Korea-China FTA negotiations hit snag
By Park Si-soo
Free trade agreement (FTA) talks between Korea and China are facing difficulties in progressing as hoped. The former wants the negotiations to bring about “comprehensive” market openness on both sides while the latter wants it to be “limited and small-scale.”
“I don’t think the government’s FTA talks with China will move forward smoothly,” Choi Seok-young, chief FTA negotiator at the Ministry of Foreign Affairs and Trade, said in a press briefing Friday.
“There are still wide gaps on some key issues, particularly the degree of openness. What we want is a comprehensive scope for the FTA that includes everything from services and products industries to investment, while China only wants to open non-sensitive sectors.”
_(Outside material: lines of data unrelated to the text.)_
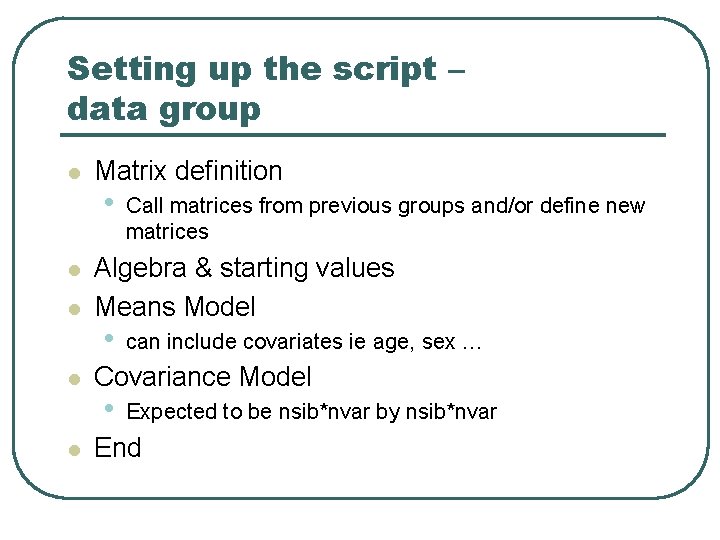 Setting up the script – data group l l l Matrix definition • Call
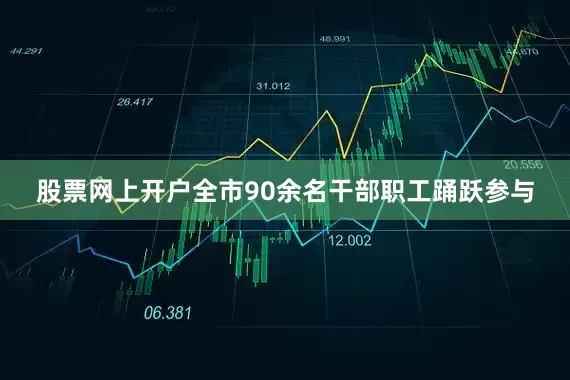 股票网上开户全市90余名干部职工踊跃参与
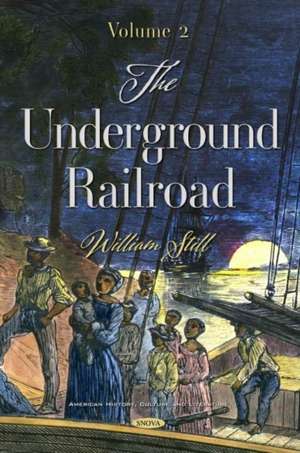 Still, W: The Underground Railroad. Volume 2 de William Still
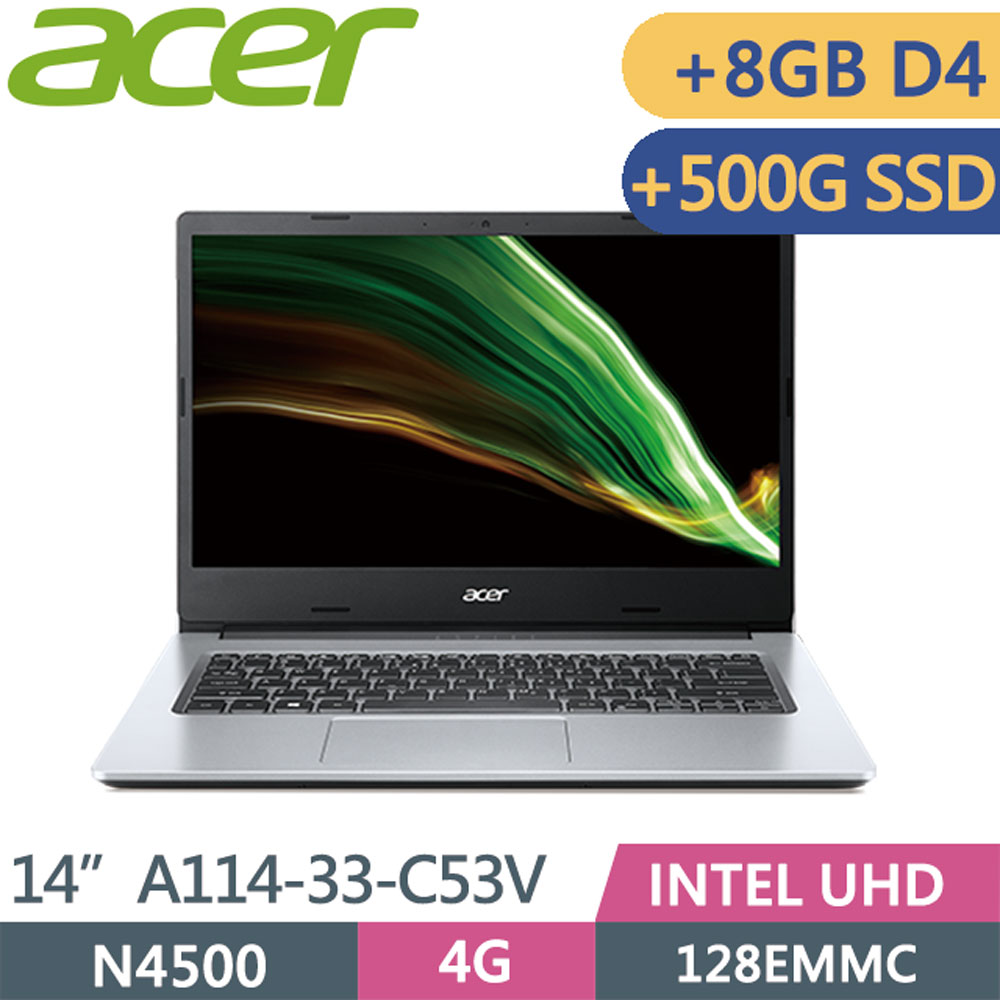 ACER Aspire A114-33-C53V 銀(N4500/4G+8G/128G eMMC+500G SSD/W11S/FHD/14)特仕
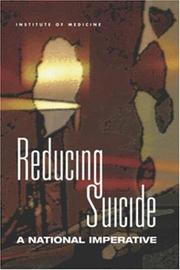 Cover of: Reducing Suicide: A National Imperative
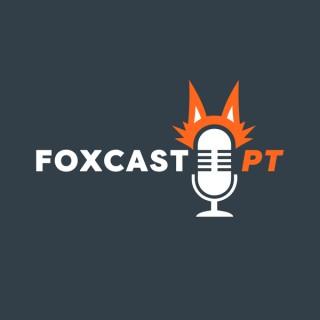 FOXcast PT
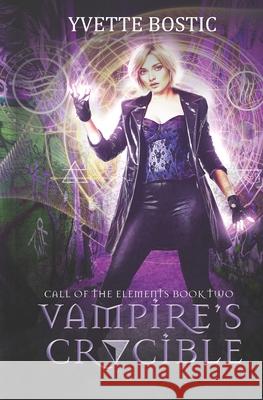 Vampire's Crucible: Book 2 Yvette Bostic 9781691249442 Independently Published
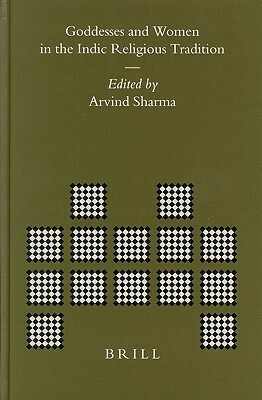 Goddesses and Women in the Indic Religious Tradition by Arvind Sharma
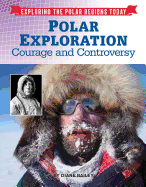 Polar Exploration: Courage and Controversy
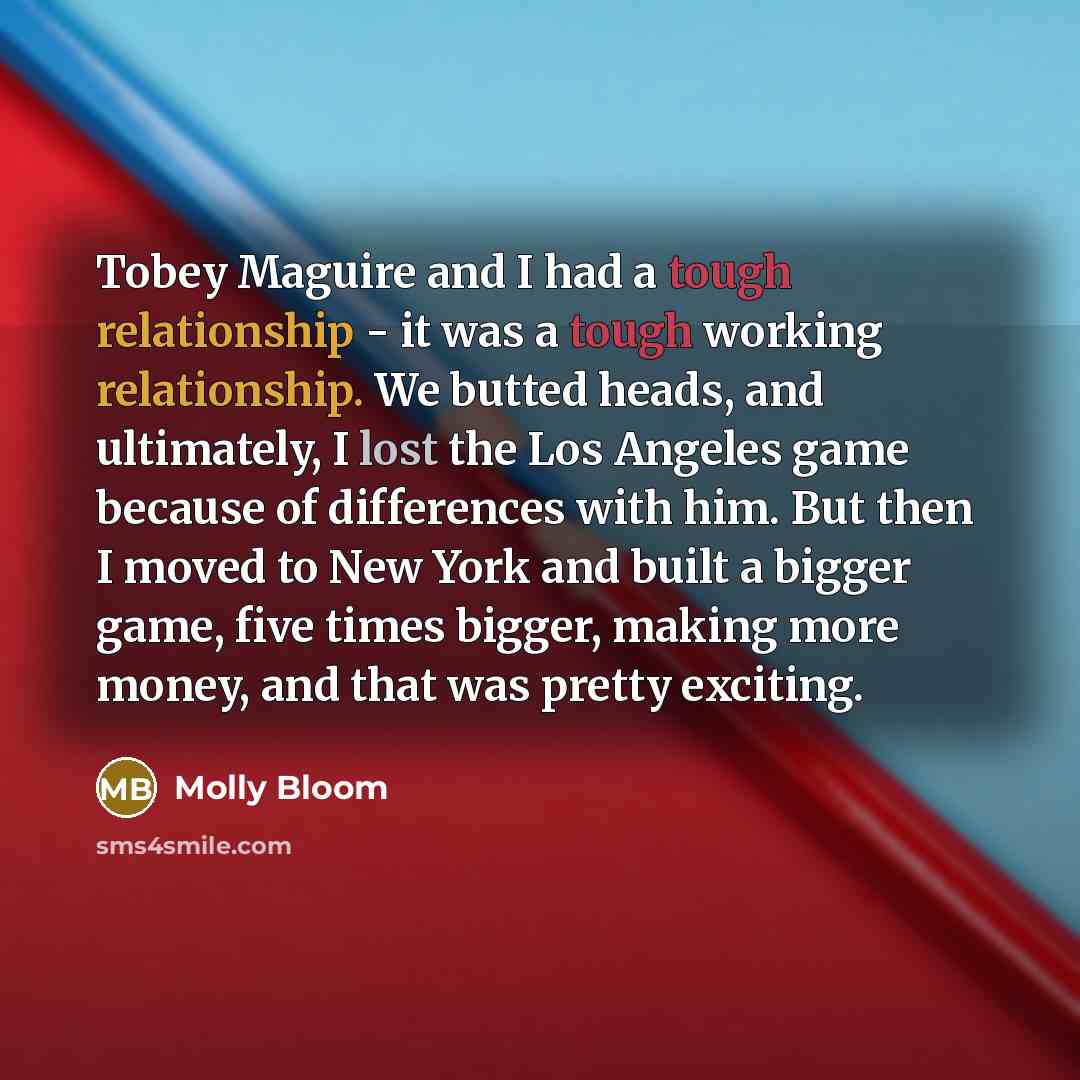 “Tobey Maguire and I had a tough relationship - it was a tough working relationship. We butted heads, and ultimately, I lost the Los Angeles game because of differences with him. But then I moved to New York and built a bigger game, five times bigger, making more money, and that was pretty exciting.” quote by Molly Bloom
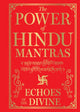 Book cover of: The Power of Hindu Mantras: Echoes of the Divine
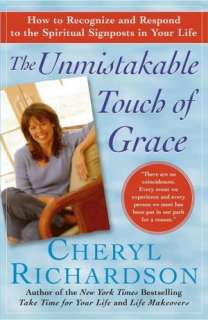 The Unmistakable Touch of Grace How to Recognize and Respond to the 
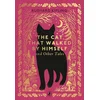 The Cat Who Walked by Himself and Other Tales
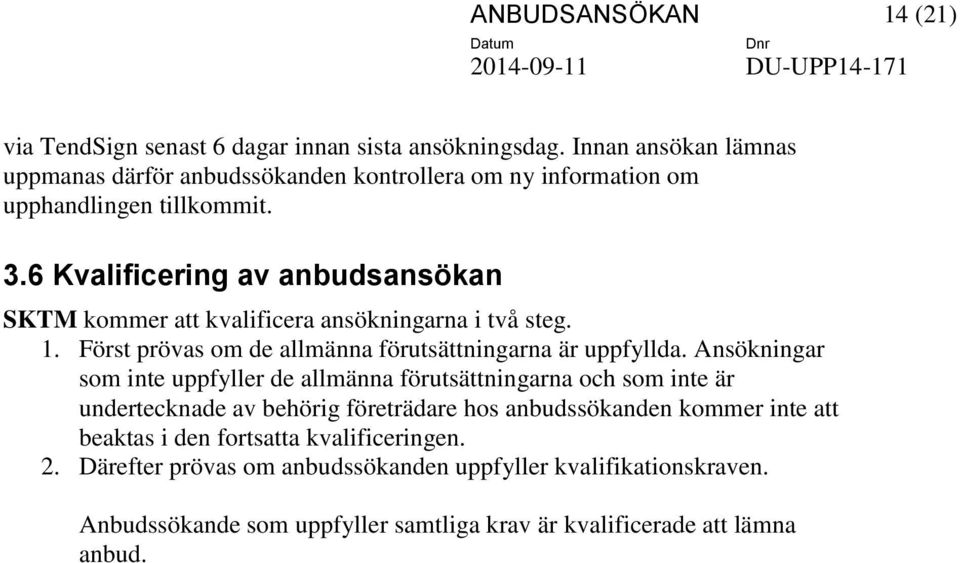 6 Kvalificering av anbudsansökan SKTM kommer att kvalificera ansökningarna i två steg. 1. Först prövas om de allmänna förutsättningarna är uppfyllda.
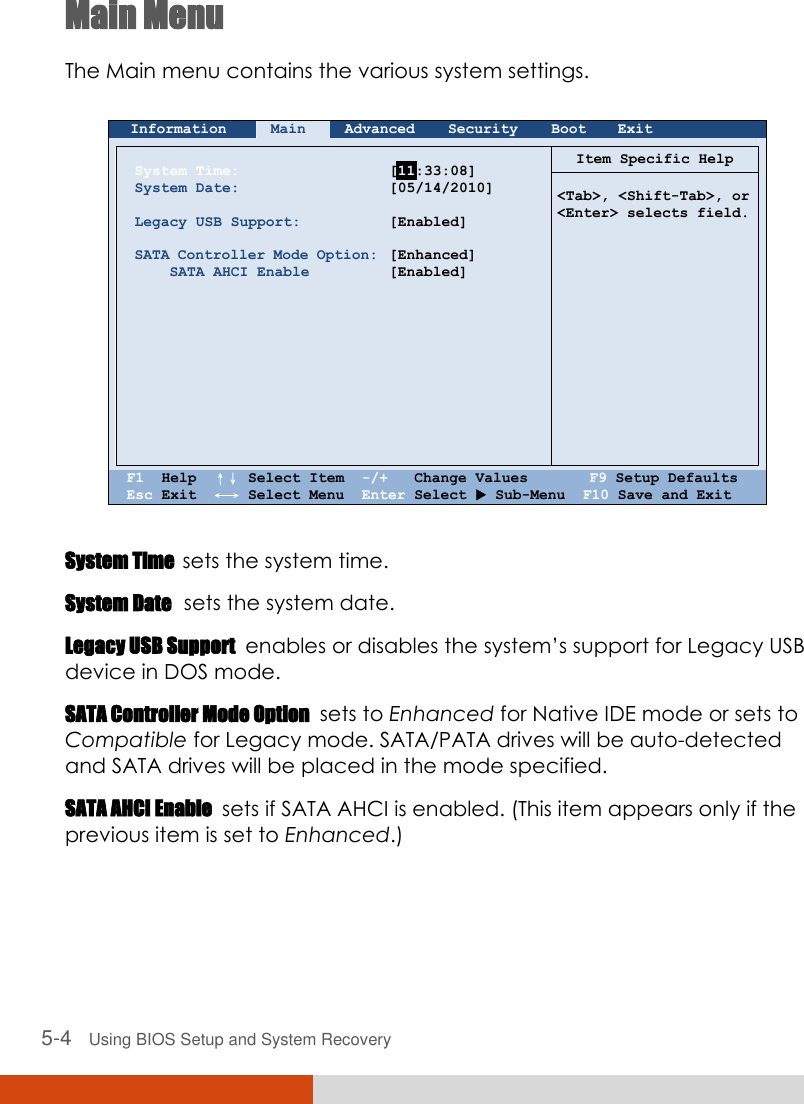  5-4   Using BIOS Setup and System Recovery Main Menu The Main menu contains the various system settings.   Information Main Advanced Security Boot Exit        System Time: System Date:  Legacy USB Support:  SATA Controller Mode Option:     SATA AHCI Enable             [  :33:08] [05/14/2010]  [Enabled]  [Enhanced] [Enabled]    Item Specific Help   &lt;Tab&gt;, &lt;Shift-Tab&gt;, or &lt;Enter&gt; selects field.    F1  Help  ↑↓ Select Item  -/+   Change Values       F9 Setup Defaults Esc Exit  ←→ Select Menu  Enter Select  Sub-Menu  F10 Save and Exit  System Time  sets the system time. System Date  sets the system date. Legacy USB Support  enables or disables the system’s support for Legacy USB device in DOS mode. SATA Controller Mode Option  sets to Enhanced for Native IDE mode or sets to Compatible for Legacy mode. SATA/PATA drives will be auto-detected and SATA drives will be placed in the mode specified. SATA AHCI Enable  sets if SATA AHCI is enabled. (This item appears only if the previous item is set to Enhanced.)  11 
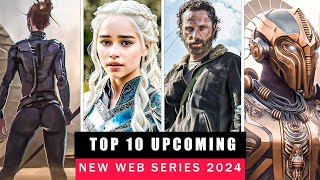 Top 10 Most Awaited Upcoming Web Series Of 2024 NewSeries 2024 On Netflix Amazon Prime Apple TV [upl. by Leruj]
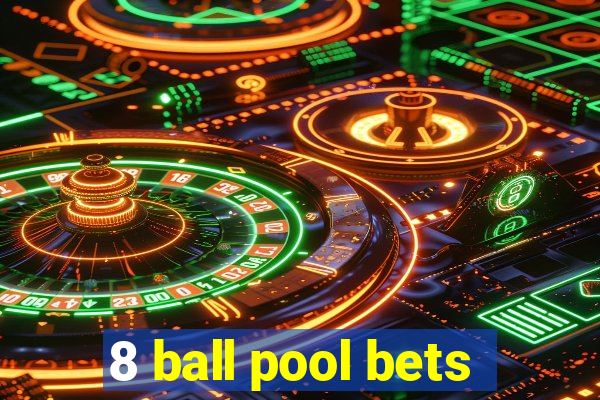 8 ball pool bets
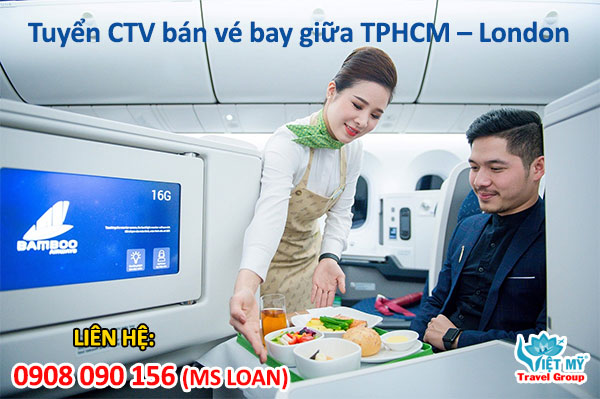Làm CTV bán vé máy bay hãng Bamboo giữa TPHCM – London tại Việt Mỹ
These remarks were based on the three-day second round of Seoul-Beijing talks that ended Thursday on Jeju Island. The two countries announced the launch of formal FTA negotiations in early May, expecting the talks to be concluded in two years.
To ensure quick progress, according to the chief negotiator, the two nations will classify sensitive items and handle them separately from a third round of talks that will take place in August in China.
“The two sides discussed the scope of the deal and how to set up working groups on each segment. Based on the results, the two countries will work to agree on definitions of sensitive items,” he said.
The sides earlier agreed that the talks on a free trade deal will proceed in two phases, with the handling of sensitive items and the scope of the trade agreement to be mainly discussed first.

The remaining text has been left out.